__PROBLEM__: Print every entry again exactly, with no pictures.

[ENTRIES SUPPLIED Boundary: Start]

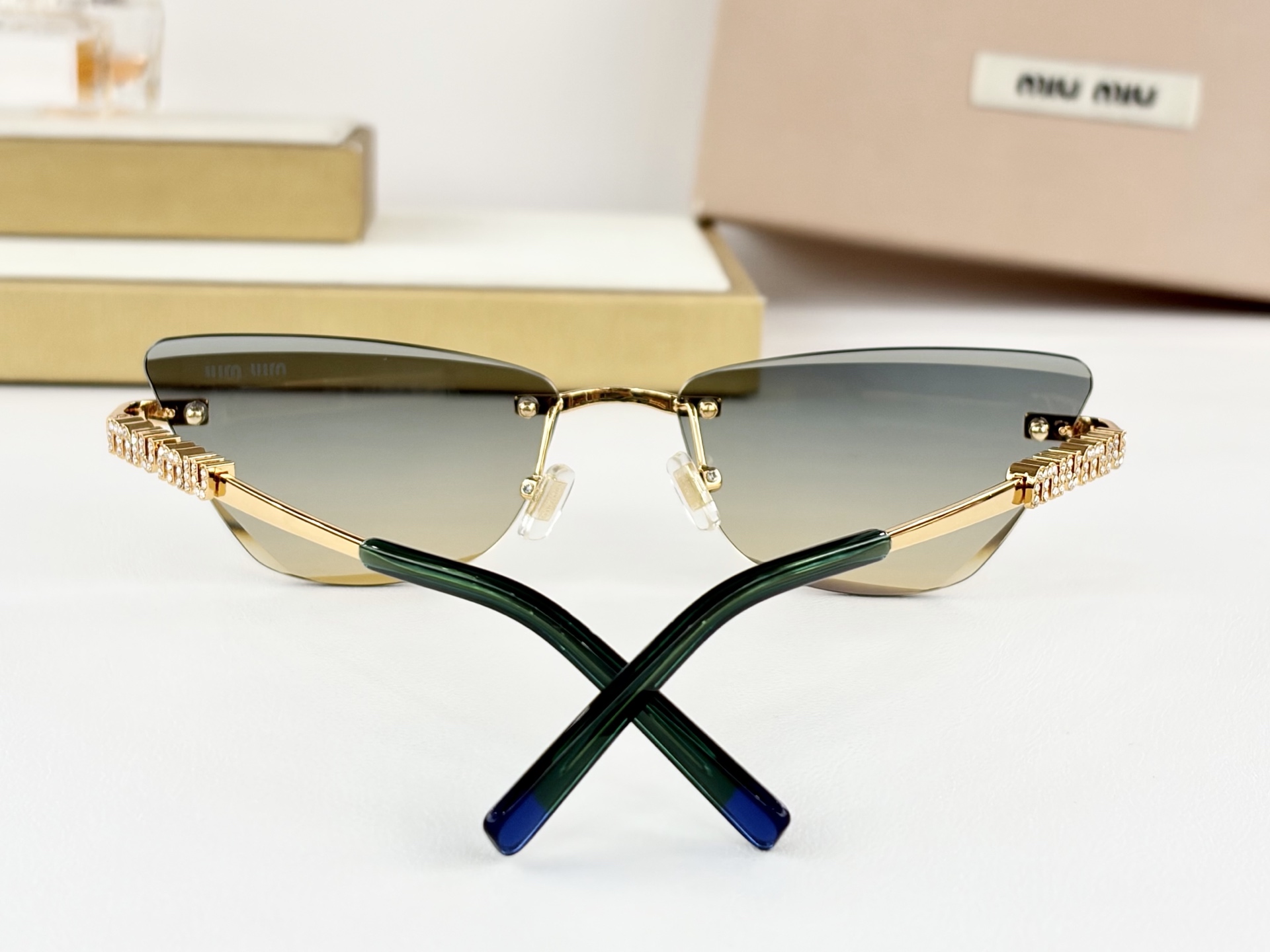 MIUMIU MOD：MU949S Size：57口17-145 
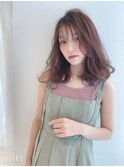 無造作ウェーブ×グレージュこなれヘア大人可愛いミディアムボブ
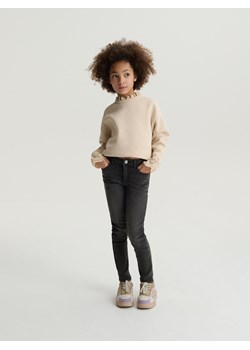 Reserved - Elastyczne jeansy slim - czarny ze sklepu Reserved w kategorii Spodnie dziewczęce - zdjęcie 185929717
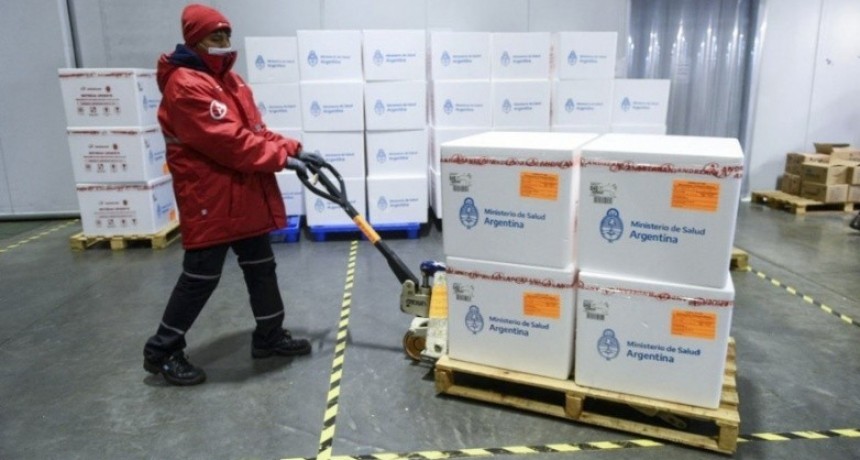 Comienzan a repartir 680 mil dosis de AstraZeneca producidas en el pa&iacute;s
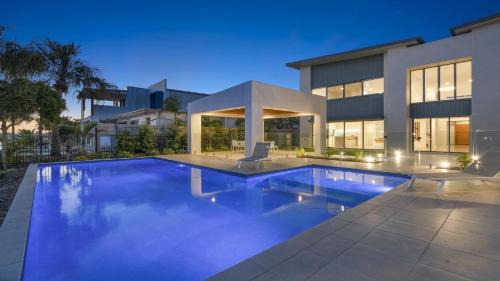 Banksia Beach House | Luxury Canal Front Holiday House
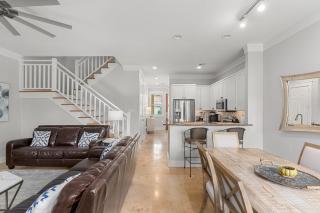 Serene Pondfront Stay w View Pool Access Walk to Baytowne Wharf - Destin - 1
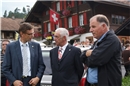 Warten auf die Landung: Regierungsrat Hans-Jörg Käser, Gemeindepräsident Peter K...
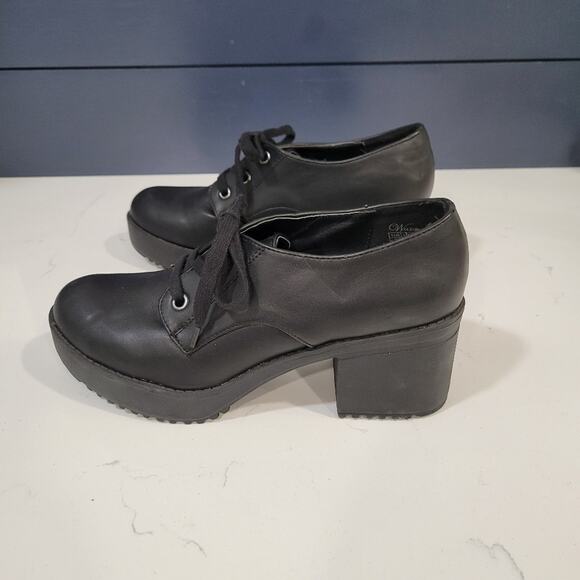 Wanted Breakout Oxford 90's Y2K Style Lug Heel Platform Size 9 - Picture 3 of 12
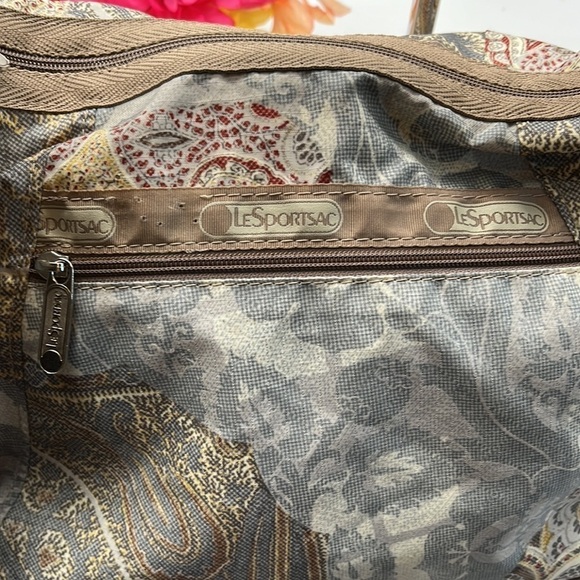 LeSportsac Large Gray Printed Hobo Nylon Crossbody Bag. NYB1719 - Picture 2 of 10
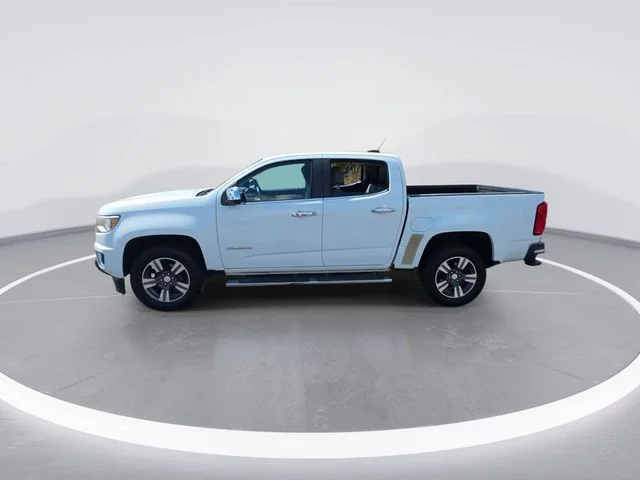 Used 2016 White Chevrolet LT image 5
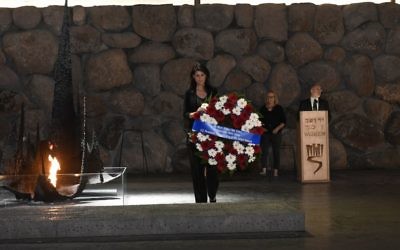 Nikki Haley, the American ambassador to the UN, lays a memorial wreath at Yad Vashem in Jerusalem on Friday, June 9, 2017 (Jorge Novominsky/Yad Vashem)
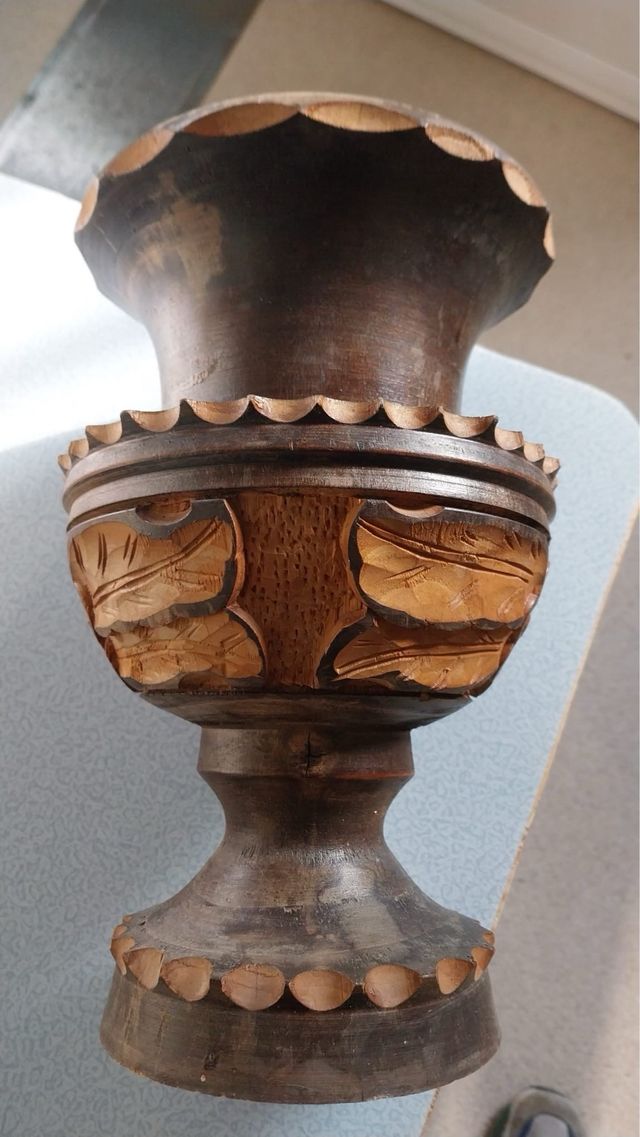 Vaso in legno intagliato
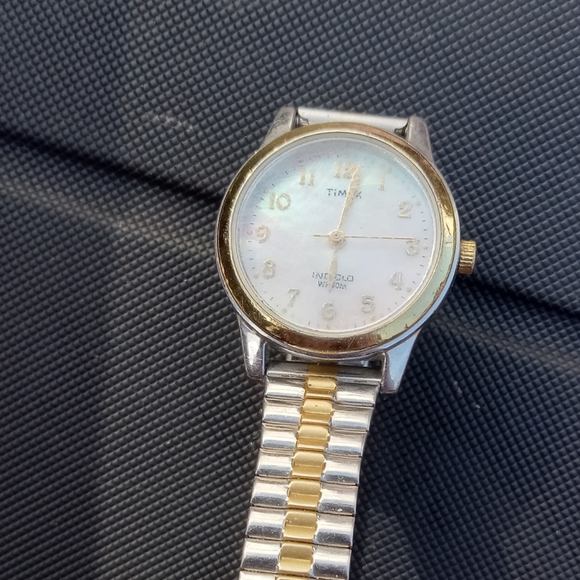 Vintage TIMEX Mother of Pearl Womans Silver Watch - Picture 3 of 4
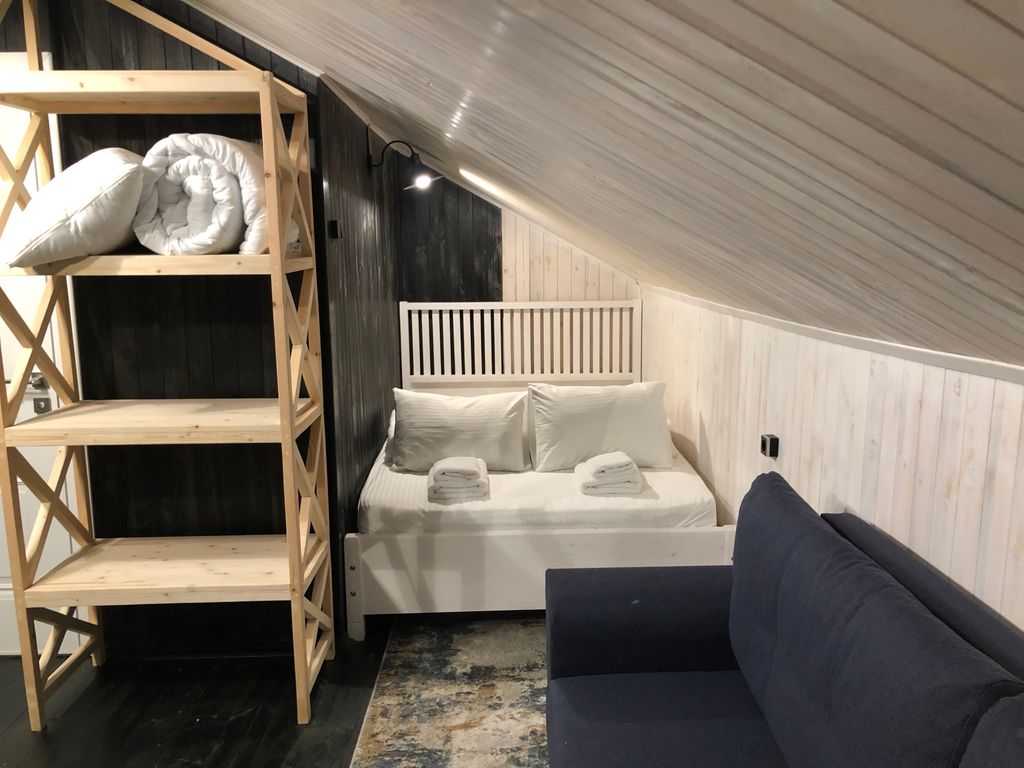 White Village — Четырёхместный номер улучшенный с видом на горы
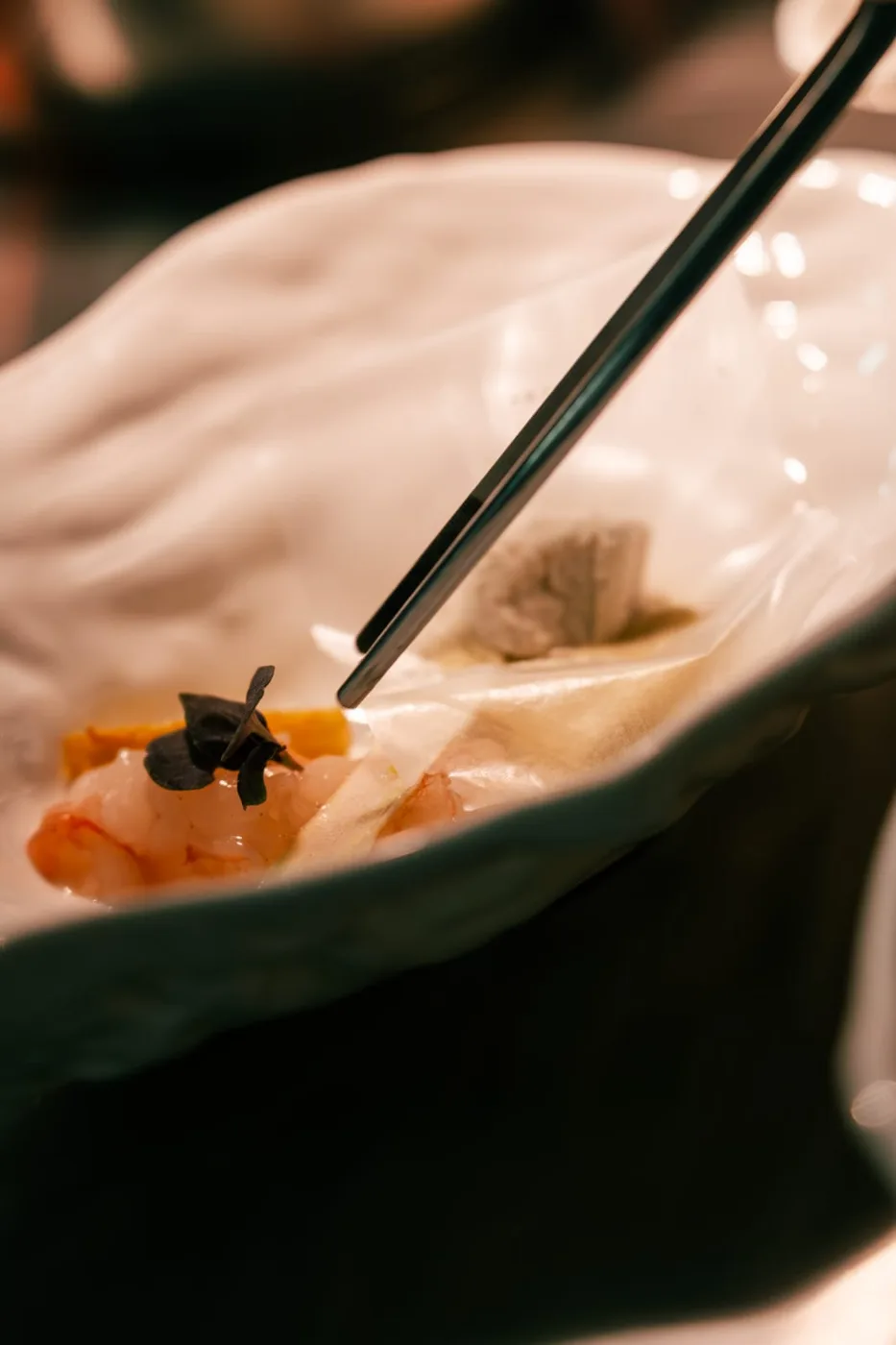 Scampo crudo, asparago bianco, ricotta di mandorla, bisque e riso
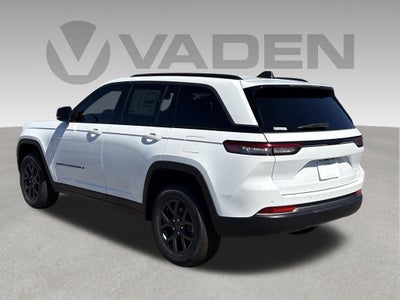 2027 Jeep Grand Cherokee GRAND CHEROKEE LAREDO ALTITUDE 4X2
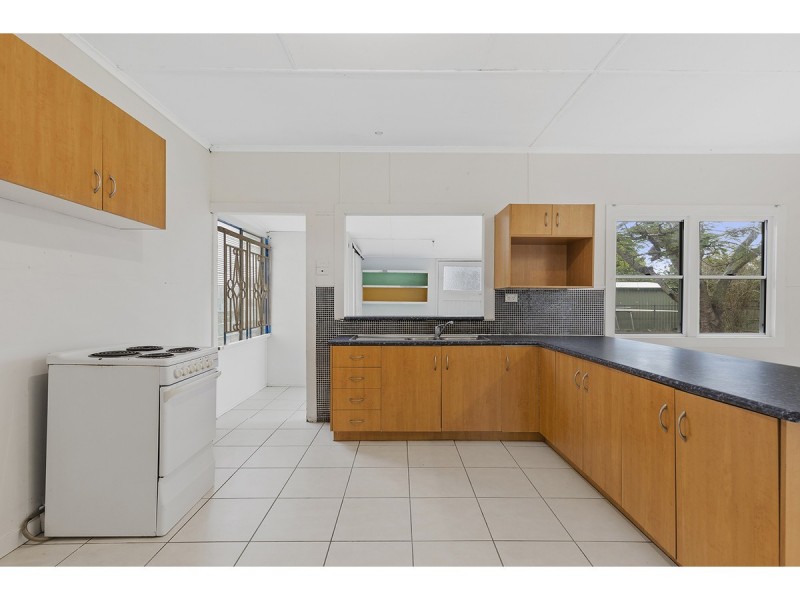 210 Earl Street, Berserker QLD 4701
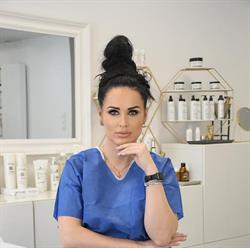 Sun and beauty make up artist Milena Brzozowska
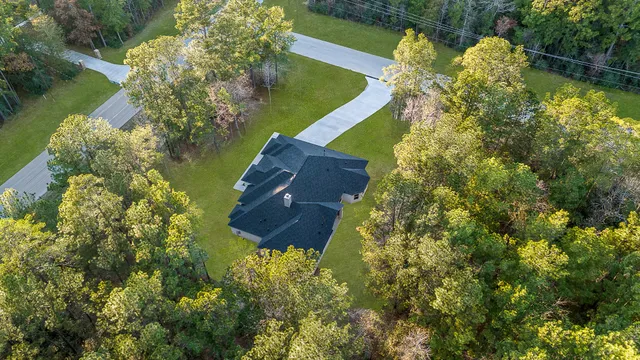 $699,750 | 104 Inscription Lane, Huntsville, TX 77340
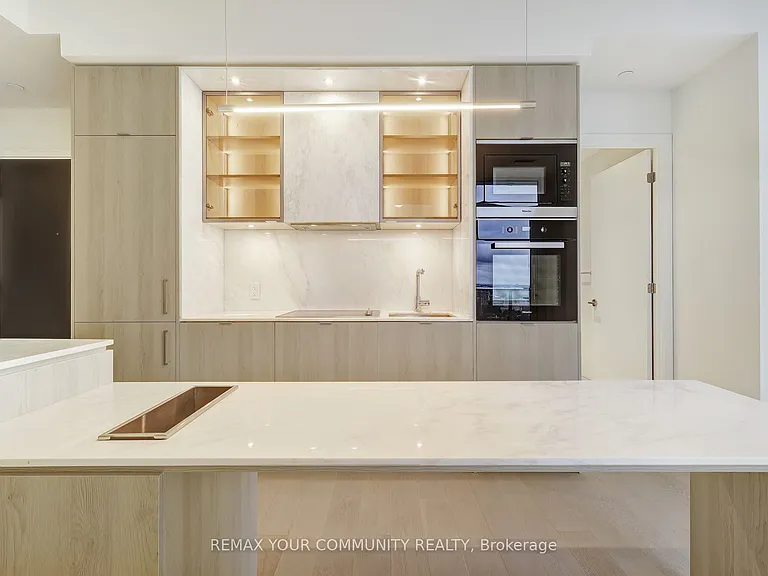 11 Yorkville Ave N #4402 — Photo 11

[ENTRIES SUPPLIED Boundary: End]

__OUTPUT FOR THIS EXERCISE__:
 MIUMIU MOD：MU949S Size：57口17-145 
 無造作ウェーブ×グレージュこなれヘア大人可愛いミディアムボブ
 Reserved - Elastyczne jeansy slim - czarny ze sklepu Reserved w kategorii Spodnie dziewczęce - zdjęcie 185929717
 Comienzan a repartir 680 mil dosis de AstraZeneca producidas en el pa&iacute;s
 Banksia Beach House | Luxury Canal Front Holiday House
 Serene Pondfront Stay w View Pool Access Walk to Baytowne Wharf - Destin - 1
 Warten auf die Landung: Regierungsrat Hans-Jörg Käser, Gemeindepräsident Peter K...
 Wanted Breakout Oxford 90's Y2K Style Lug Heel Platform Size 9 - Picture 3 of 12
 LeSportsac Large Gray Printed Hobo Nylon Crossbody Bag. NYB1719 - Picture 2 of 10
 Used 2016 White Chevrolet LT image 5
 Nikki Haley, the American ambassador to the UN, lays a memorial wreath at Yad Vashem in Jerusalem on Friday, June 9, 2017 (Jorge Novominsky/Yad Vashem)
 Vaso in legno intagliato
 Vintage TIMEX Mother of Pearl Womans Silver Watch - Picture 3 of 4
 White Village — Четырёхместный номер улучшенный с видом на горы
 Scampo crudo, asparago bianco, ricotta di mandorla, bisque e riso
 2027 Jeep Grand Cherokee GRAND CHEROKEE LAREDO ALTITUDE 4X2
 210 Earl Street, Berserker QLD 4701
 Sun and beauty make up artist Milena Brzozowska
 $699,750 | 104 Inscription Lane, Huntsville, TX 77340
 11 Yorkville Ave N #4402 — Photo 11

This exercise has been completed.